→ **SUPPLIED RECORDS**:
********

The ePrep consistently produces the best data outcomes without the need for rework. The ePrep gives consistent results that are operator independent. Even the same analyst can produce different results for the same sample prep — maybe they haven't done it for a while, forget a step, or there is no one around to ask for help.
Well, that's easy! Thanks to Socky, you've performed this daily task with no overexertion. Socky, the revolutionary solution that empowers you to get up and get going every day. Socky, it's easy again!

********

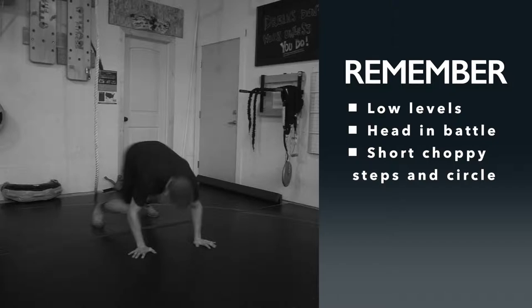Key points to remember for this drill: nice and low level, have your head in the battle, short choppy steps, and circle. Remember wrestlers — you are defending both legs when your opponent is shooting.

********

→ **REQUIREMENT**: One stretch of the lines above is wanted, from the line that contains "The ePrep consistently" through the line that contains "Well, that's easy!". Output it exactly.

→ **SOLUTION FOR THIS TASK**:
The ePrep consistently produces the best data outcomes without the need for rework. The ePrep gives consistent results that are operator independent. Even the same analyst can produce different results for the same sample prep — maybe they haven't done it for a while, forget a step, or there is no one around to ask for help.
Well, that's easy! Thanks to Socky, you've performed this daily task with no overexertion. Socky, the revolutionary solution that empowers you to get up and get going every day. Socky, it's easy again!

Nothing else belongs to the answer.